En el año 545 antes de Cristo, el Gran Jefe Vaca Sentada, cacique de los cabécares en Talamanca, se apropió, para distribuirlos entre sus siete hijos (seis legítimos), siete cocoteros (en términos de hoy día, siete millones de dólares) y de tres mujeres solteras. Esto lo hizo a plena luz del día y cuando los cabécares se percataron de esto, se reunieron a sus espaldas y decidieron deponerlo y darle una paliza. Para nuestros indígenas, la situación no estaba como para que Vaca Sentada se hiciera más rico y mucho menos que les quitara a sus futuras esposas.

Dos cosas llaman la atención. En primer lugar, tenemos corrupción y abuso sexual desde tiempos inmemorables. En segundo lugar, esta era parte de lo público, o sea, se cometía abiertamente. Los caciques hacían sus movidas y la decisión de aceptarla o no quedaba en manos del pueblo. En los tiempos buenos, los cábecares se hacían los tontos, pero en los difíciles, los actos corruptos eran severamente castigados.

Con la llegada de los españoles, la corrupción pasó, junto con el sexo, al mundo privado. La Corona española era una especie de Talibán cristiano: nadie podía, como Vaca Sentada, robar o ser infiel abiertamente. Estaba severamente castigado. Si lo ibas a hacer, tenías que hacerlo a escondidas. Con la modernidad, gracias a la Revolución francesa, tenemos otro cambio: la introducción del concepto de «presunción de inocencia». Ahora son los jueces y no el Pueblo quienes deciden si un acto es corrupto o no. Hasta que se determine en una corte con base en las pruebas, todos somos inocentes.

Entonces, lo inapropiado simplemente se aprendería y se practicaría debajo de la mesa.

El hijo adolescente, por ejemplo, de la América Latina decimonónica llegaba, después de pasar la noche en un prostíbulo, borracho a la casa. Los padres manifiestan que su conducta es inapropiada. Sin embargo, antes de que él se retirara, el padre le guiñaba el ojo. Esta acción da un mensaje inconsciente: papá está orgulloso de que sea un macho de verdad. Aquí nace nuestra cultura machista moderna.

Žižek nos dice que toda sociedad tiene una serie de reglas éticas de conducta. Pero, a la vez, una serie de guiños de ojo. En cada una de nuestras instituciones, existen formas de «obedecer, pero no cumplir» las normativas aceptadas. Cada uno de nosotros aprende, en ellas, a hacer cosas inapropiadas que solo se las contará a sus más fieles amigos.

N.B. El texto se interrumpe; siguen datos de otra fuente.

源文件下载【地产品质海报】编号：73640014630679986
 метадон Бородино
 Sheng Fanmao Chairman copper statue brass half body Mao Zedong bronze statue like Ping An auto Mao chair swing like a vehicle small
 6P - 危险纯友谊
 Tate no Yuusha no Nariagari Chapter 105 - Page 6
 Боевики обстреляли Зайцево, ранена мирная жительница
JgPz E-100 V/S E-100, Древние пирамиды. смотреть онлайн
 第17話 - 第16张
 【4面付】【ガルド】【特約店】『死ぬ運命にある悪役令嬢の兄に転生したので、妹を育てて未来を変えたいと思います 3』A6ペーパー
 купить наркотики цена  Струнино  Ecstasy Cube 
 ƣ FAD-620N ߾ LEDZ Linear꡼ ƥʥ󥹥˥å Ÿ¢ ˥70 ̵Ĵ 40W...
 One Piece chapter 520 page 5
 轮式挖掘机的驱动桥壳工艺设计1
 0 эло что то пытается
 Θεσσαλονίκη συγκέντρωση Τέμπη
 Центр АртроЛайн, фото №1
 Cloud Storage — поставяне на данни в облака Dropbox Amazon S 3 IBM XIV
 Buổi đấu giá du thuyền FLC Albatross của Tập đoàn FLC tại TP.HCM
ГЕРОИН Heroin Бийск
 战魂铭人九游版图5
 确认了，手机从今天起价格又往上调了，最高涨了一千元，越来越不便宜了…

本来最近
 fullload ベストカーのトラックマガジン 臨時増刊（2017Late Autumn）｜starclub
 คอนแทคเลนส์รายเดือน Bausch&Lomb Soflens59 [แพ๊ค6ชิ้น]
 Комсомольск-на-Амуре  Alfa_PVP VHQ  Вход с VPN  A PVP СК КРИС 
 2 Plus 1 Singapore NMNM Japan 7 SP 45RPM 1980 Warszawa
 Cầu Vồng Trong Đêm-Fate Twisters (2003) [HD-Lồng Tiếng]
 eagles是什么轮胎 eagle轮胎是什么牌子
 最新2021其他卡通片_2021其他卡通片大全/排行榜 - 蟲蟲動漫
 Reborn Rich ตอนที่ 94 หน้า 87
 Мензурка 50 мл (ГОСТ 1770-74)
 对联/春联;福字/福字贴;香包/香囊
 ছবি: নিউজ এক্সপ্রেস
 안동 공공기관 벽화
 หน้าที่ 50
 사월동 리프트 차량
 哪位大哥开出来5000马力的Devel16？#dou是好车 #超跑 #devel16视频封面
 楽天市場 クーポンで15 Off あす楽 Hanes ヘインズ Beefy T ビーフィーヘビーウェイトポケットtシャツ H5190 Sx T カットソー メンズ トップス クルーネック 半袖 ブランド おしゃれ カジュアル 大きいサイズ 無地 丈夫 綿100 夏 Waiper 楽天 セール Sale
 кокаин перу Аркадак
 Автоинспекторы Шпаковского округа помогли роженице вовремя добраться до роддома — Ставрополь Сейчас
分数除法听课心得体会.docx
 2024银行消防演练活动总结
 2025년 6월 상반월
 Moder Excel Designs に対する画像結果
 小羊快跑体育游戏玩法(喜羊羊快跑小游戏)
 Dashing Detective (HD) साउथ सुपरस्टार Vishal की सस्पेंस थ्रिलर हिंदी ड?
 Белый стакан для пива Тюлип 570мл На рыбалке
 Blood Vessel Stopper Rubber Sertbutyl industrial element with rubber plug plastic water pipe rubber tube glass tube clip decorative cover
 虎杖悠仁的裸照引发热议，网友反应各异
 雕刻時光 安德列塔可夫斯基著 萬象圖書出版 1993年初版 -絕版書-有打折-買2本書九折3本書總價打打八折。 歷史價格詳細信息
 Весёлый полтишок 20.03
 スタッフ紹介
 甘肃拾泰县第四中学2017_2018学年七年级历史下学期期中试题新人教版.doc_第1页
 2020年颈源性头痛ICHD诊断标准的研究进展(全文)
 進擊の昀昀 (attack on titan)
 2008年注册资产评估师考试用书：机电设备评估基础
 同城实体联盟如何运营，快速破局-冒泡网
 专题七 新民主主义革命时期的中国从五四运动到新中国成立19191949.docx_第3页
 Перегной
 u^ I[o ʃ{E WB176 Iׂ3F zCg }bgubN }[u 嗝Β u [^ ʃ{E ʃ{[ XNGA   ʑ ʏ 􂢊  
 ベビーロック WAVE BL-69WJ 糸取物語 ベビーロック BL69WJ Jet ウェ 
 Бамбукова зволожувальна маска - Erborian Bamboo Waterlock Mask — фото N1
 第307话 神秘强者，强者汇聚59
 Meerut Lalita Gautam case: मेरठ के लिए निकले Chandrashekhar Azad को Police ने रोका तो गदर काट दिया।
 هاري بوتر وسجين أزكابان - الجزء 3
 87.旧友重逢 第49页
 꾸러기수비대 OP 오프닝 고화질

Vaca Sentada se extrañaría de las múltiples formas de guiños de ojo que tenemos hoy día. Uno saca un anuncio en un periódico, por ejemplo, e invita a un motel a la mujer para discutir el puesto. Un jefe de una fábrica invita a tomarse un trago a la secretaria. Un político de mucho prestigio le toca los senos a una periodista y a otra le pone la mano en su pene erecto. También invita reiteradamente a otras mujeres para continuar las entrevistas en algún apartamento discreto. Cada uno de ellos se lo contará a su hermano o a su mejor amigo y recibirá, como respuesta, un guiño de ojo. Esto significa que, entre machos, es bien visto todo tipo de insinuaciones, toqueteos, avances, imposiciones y hasta violaciones para obtener sexo de una mujer que no consiente.

Gracias al movimiento de Yo también, el guiño de ojo está siendo sacado del ropero. Nos damos cuenta que en el mundo político está lleno de reglas no oficiales para explotar a las mujeres. Pronto, nos daremos cuenta de que también pasa en las universidades, en la burocracia nacional y extranjera y en todos los ámbitos. En cada una de estas se pueden hacer cosas que jamás se admitirán públicamente.

El movimiento ha hecho otra contribución: existe ahora, otra vez, el juicio público. Aunque a veces es difícil demostrar que te obligaron a tocar un pene erecto, la gente tiene el olfato para creerle o no a la mujer. Uno puede salir declarado inocente en una corte y, a la vez, culpable ante la opinión pública. Gracias a estas mujeres valientes, nuestros jóvenes, conscientes de cómo uno puede arruinarse la vida, terminarán por dejar de guiñarse.